[Short descriptive text snippets]
-------
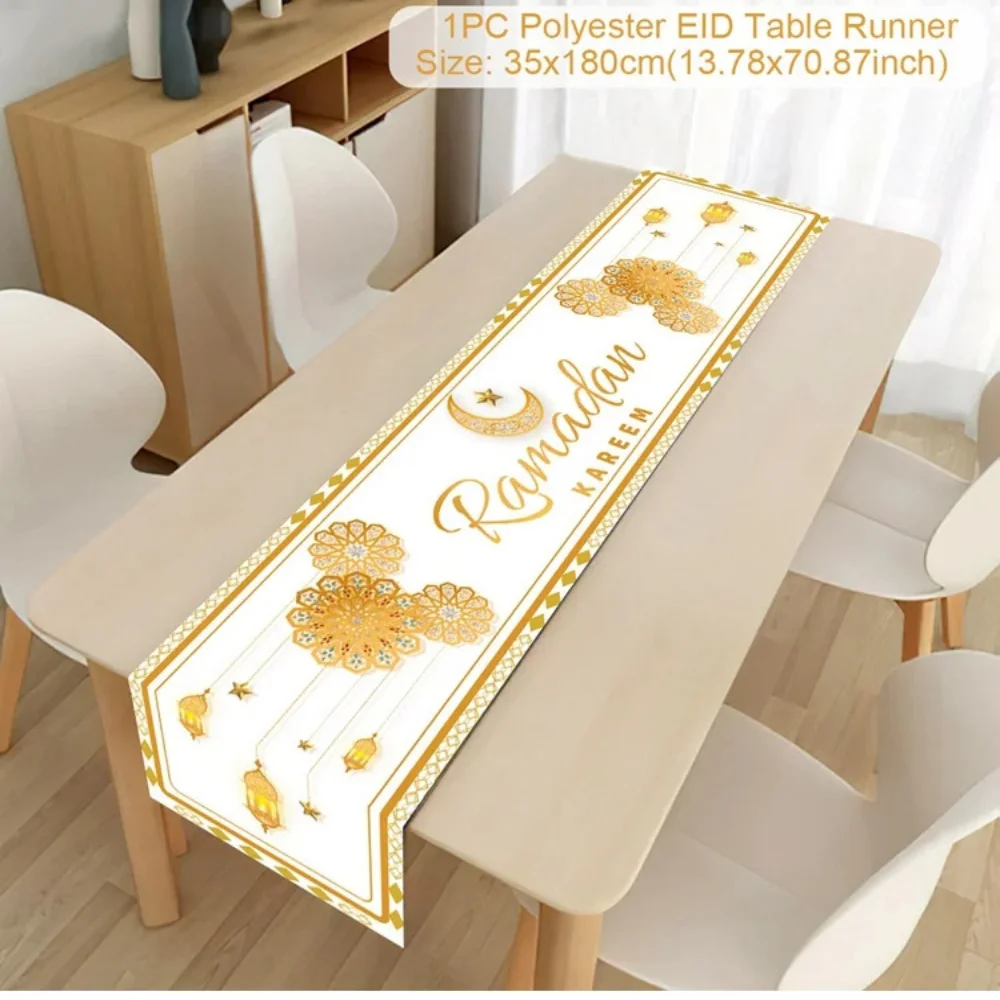 EID Mubarak Table Runner Ramadan Decoration For Home Tablecloth Ramadan Kareem Eid Al Adha Gifts Islamic Muslim Party Decoration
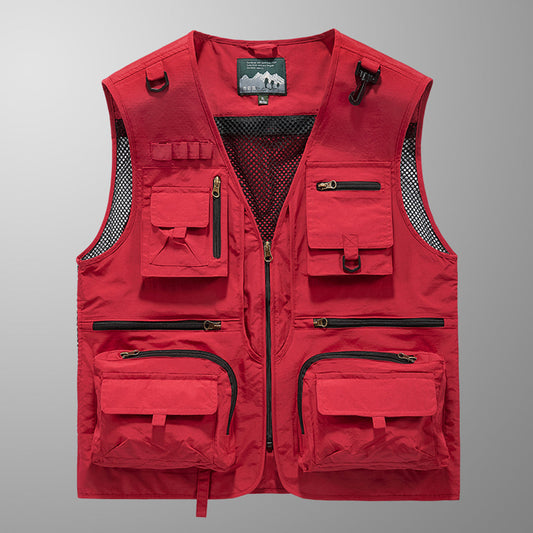 Angelweste Herren mit vielen Taschen - rot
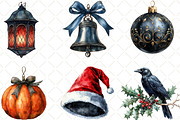 Watercolor Gothic Christmas Clipart, an Illustration by Black Bird Studio (Thumbnail 5 of 6)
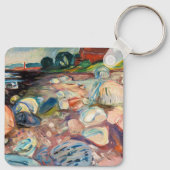 Edvard Munch - Shore met Red House Sleutelhanger (Achterkant)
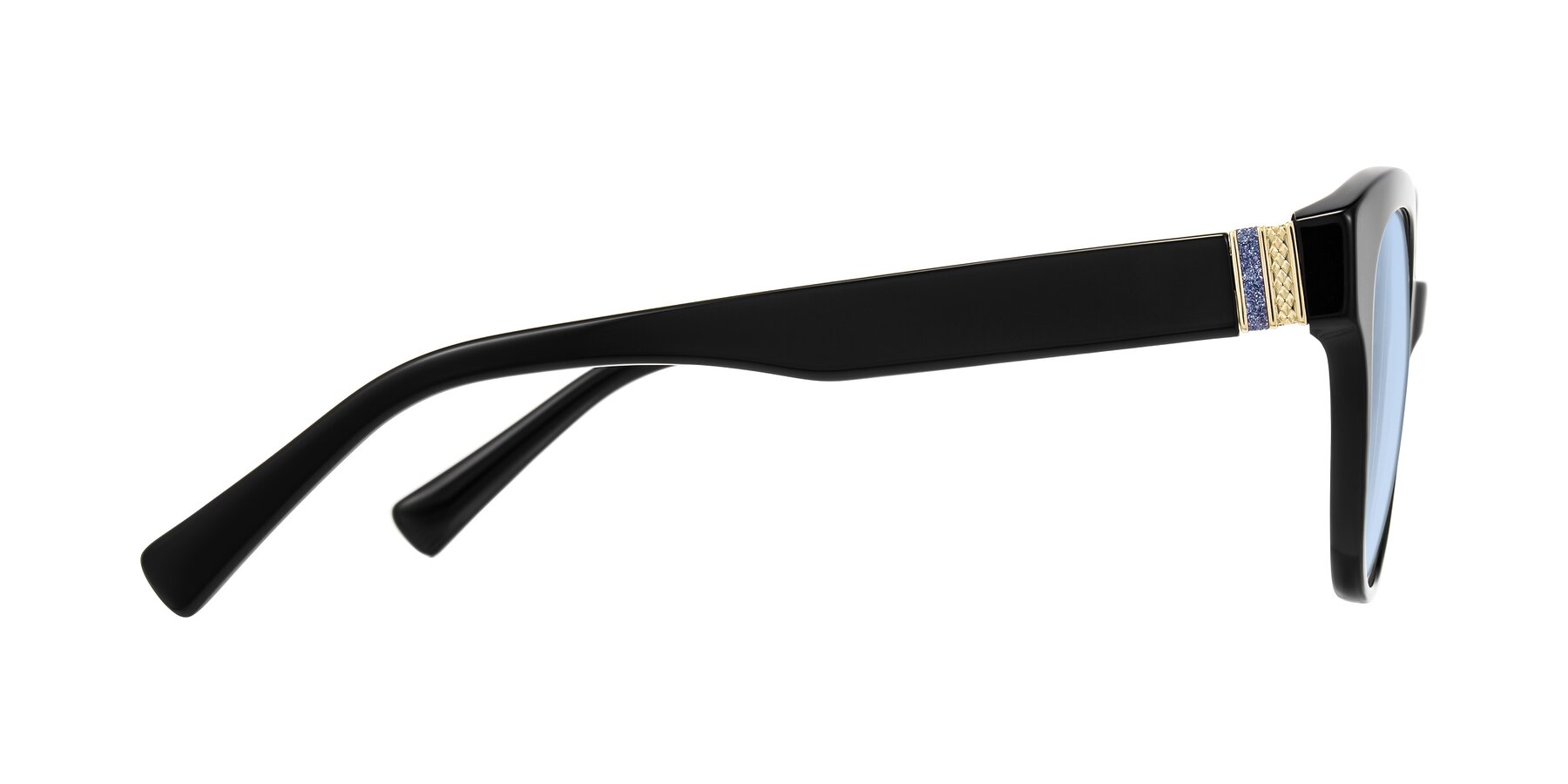 Side of Zipa in Black with Light Blue Tinted Lenses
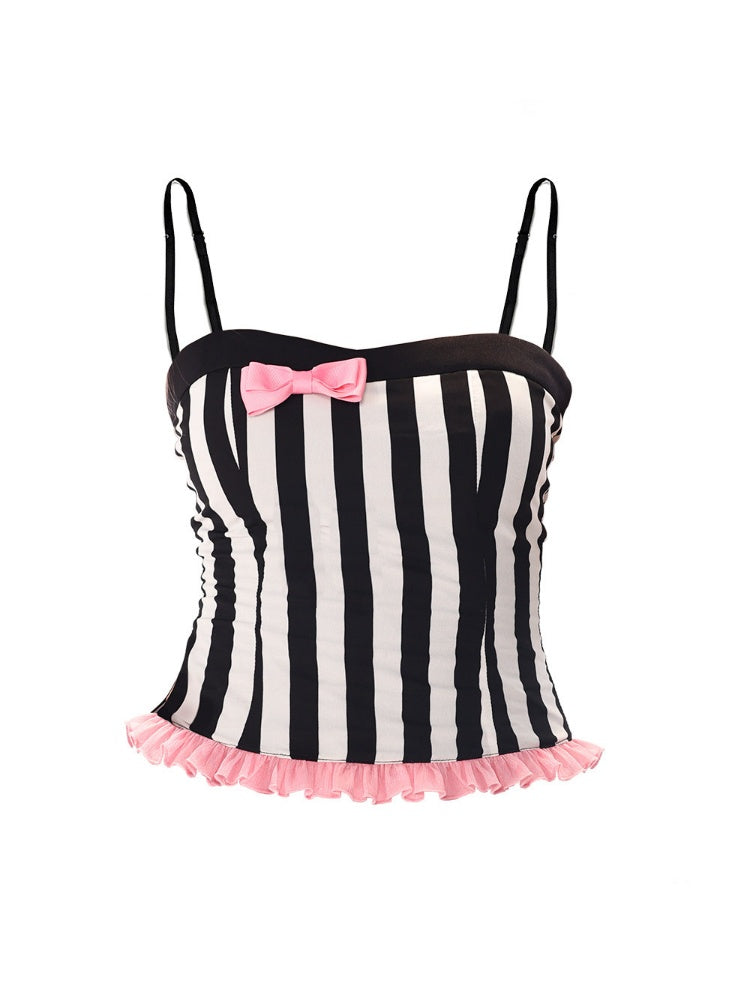 Gal Princess-Style Black & white Striped Bow Slim-Fit Strap Tops【s0000018445】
-------
• What you will do:
Leaving out the pictures, print exactly and only the lines from the one containing "Side of Zipa" through the last line of the records.

• The completed task:
 Side of Zipa in Black with Light Blue Tinted Lenses
 Gal Princess-Style Black & white Striped Bow Slim-Fit Strap Tops【s0000018445】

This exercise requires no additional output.